So yeah, there are these things called vectors which represent arrows; they are made up of components. For example, we would not say "velocity (horizontal)" and "velocity (vertical)" but we would add labels $v_x, v_y$ where $x$ is usually a horizontal-label and $y$ is usually a vertical-label; then we would write the arrow as $\vec v = [v_x, v_y]$, packaging them together into this list-of-numbers that we call a "vector".
To get $\propto v^2$ drag in 2D, we form the vector:
$\vec F_{drag} = -k ~ |\vec v| ~ \vec v $
where we understand that multiplying the ordinary number $k$ over a vector $[a, b]$ produces the vector $[k~a, ~k~b]$, and the magnitude of $\vec v$, written as $|\vec v|$ or sometimes simply as $v$, is given by the Pythagorean theorem as
$v = |\vec v| = \sqrt{v_x^2 + v_y^2}.$
In other words, your equations should be:
$\frac{dv_x}{dt} = -k ~ v_x ~ \sqrt{v_x^2 + v_y^2}$
$\frac{dv_y}{dt} = -g - k ~ v_y ~ \sqrt{v_x^2 + v_y^2}$
This ensures that your drag force always points in the reverse direction from $\vec v$, and grows like $v^2$.
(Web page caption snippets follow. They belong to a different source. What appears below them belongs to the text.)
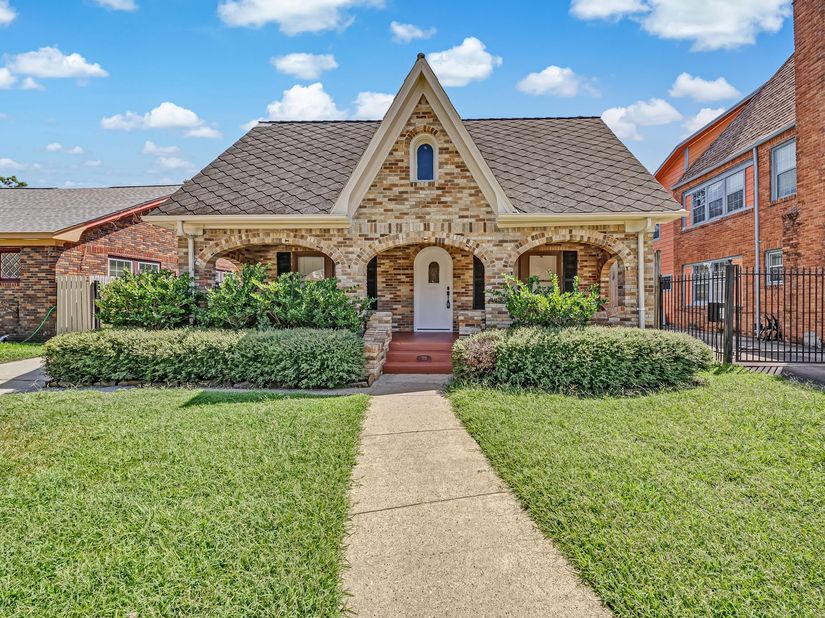 1918 Wentworth Street, Houston TX 77004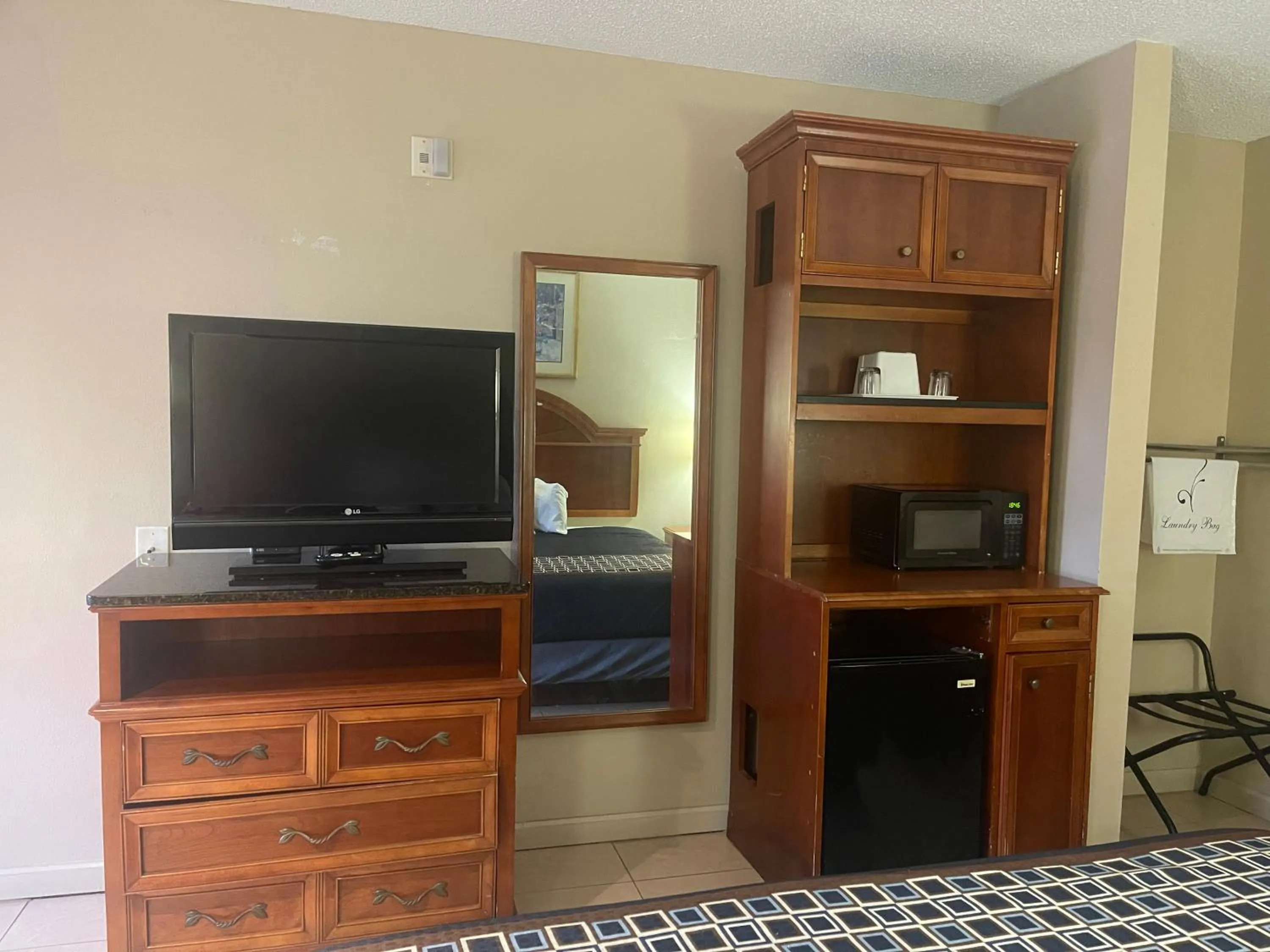 Bedroom in Highland Inn Denham Springs Baton Rouge East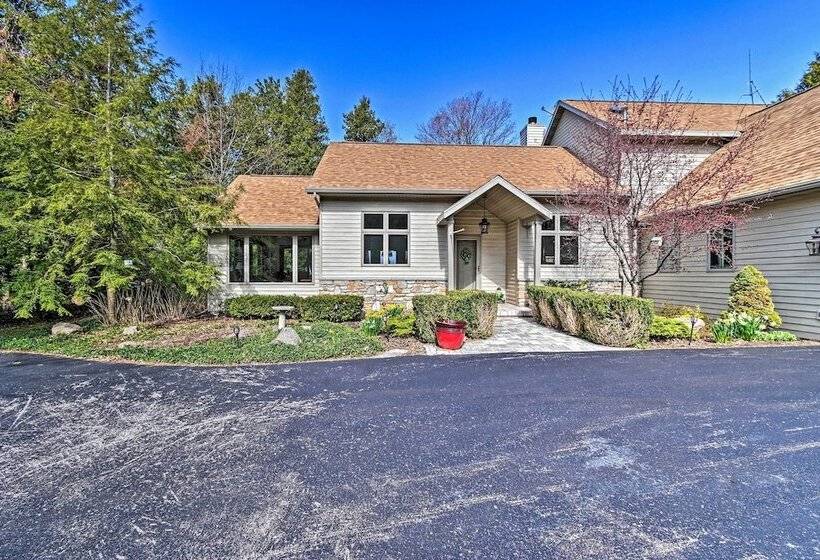 Sturgeon Bay Hideaway W/ Direct Water Access!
You can also include a wind $w$ in the $x$-direction by replacing (on the right hand side only!) $v_x$ with $(v_x - w)$. This is important because the drag force is relative to the air, not relative to the ground. With a little more effort you can draw a wind vector field $\vec w(x, y)$ and do modeling with "updrafts" and so forth.